Noted legal journalist Jeffrey Toobin sat down for an exclusive interview with the Campus Times, fielding questions about the Supreme Court, the state of media today, and his career as both an attorney and a writer. Toobin is the senior legal analyst for CNN, a staff writer for The New Yorker magazine, and the author of several books about the Court and legal affairs, including “The Nine,” “The Oath,” and “The Run of His Life: The People v. O.J. Simpson,” upon which the eponymous FX television series was based.
This interview was conducted on Oct. 14 and has been edited for style and clarity.
Campus Times: How has the experience of covering the Court changed in the last year?

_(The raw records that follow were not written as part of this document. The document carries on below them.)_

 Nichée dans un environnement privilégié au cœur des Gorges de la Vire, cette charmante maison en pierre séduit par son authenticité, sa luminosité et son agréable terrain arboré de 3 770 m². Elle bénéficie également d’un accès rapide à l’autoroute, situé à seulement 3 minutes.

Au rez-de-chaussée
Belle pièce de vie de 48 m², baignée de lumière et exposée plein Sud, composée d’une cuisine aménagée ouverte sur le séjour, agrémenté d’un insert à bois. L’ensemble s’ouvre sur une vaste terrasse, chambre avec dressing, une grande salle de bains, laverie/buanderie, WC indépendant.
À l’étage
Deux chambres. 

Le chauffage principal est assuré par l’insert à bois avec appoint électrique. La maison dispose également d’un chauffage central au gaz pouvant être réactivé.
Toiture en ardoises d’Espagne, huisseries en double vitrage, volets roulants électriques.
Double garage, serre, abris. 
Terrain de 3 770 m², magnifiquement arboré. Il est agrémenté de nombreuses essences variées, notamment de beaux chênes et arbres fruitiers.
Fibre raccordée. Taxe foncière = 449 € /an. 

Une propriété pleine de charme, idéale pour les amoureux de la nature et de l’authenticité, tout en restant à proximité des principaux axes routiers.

Jeffrey Toobin: One of the things about the Court is, as an institution, it is remarkably unchanging. The rhythm of the year is always the same. You have the first arguments in October. You have the biggest decisions coming down almost always at the end of June. You have the summer off. They’re the only part of the government that just simply decides to take three months off in the summer, which I always find unbelievable. So in that respect, it doesn’t change.

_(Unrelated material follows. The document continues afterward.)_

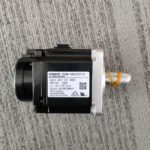 Omron Servo Motor R88M-1M40020C-S2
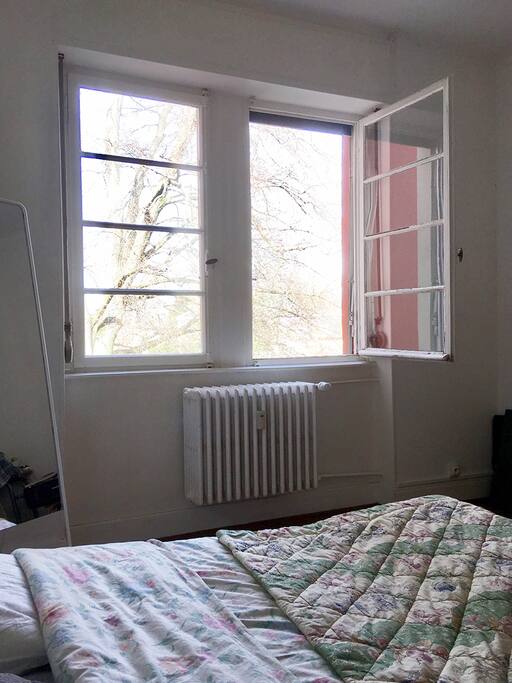 Chambre privée côté cour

What is very significant is the makeup of the Court. And the difference between Merrick Garland and Neil Gorsuch is just enormous. We’re just starting to absorb how that’s going to play out. The Supreme Court, in my view, is a political branch, and the political winds affect the Court. And that’s what I watch.
CT: The Supreme Court has been famously tight-lipped about what goes on behind the scenes. How do you go about finding people who are close to the Court who are willing to share their experiences?

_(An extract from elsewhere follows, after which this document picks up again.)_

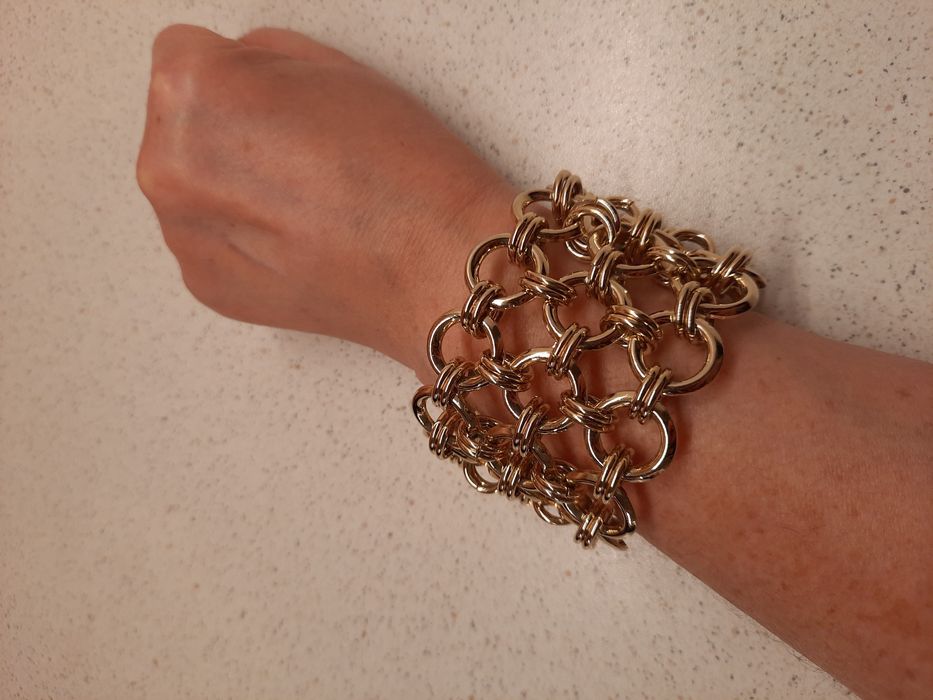 Bransoletka metalowa w kolorze złotym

JT: That is, frankly, the biggest challenge of covering the Court. And on a day-to-day basis, I am not doing a lot of behind-the-scenes reporting about the Court. I did a lot of it for “The Nine” and “The Oath,” and that was the main focus of my energies. But I’m not writing a Supreme Court book now, and so mostly I am focused on the public face of the Court. Fortunately, I’ve been covering the Court for long enough that I do have some entrée into the inner workings.
I am always aware that the most important thing they do is public. Justice [John Paul] Stevens always used to say, “I don’t know why people call us secretive. We’re the only branch of government that explains in writing the reasons we do what we do.” And you can sort of see his point, but you can also see that it’s not exactly right, either. I do try to keep the focus on the decisions. The decisions are what matter, and the decisions are public.
CT: You said you see the Court as a political branch. Has the reputation of the Court as an apolitical or impartial branch changed? How does that affect the gravity of its opinions?
JT: Thanks, I hope, to me and others who cover the Court, I don’t think anyone seriously believes that the Court has ever been outside of politics. If you look at the important decisions of the Court’s history, they’re always intimately bound up with what matters in the country, whether it’s the birth of the government in Marbury v. Madison in 1803, whether it’s slavery in Dred Scott in 1857, whether it’s industrialization with Lochner. The idea that the Court is removed from politics has never been true.
I don’t think the justices are exactly like the politicians who have the face the voters every two, four, or six years. But I do think they are chosen because they reflect a certain ideology, and that’s always been the case.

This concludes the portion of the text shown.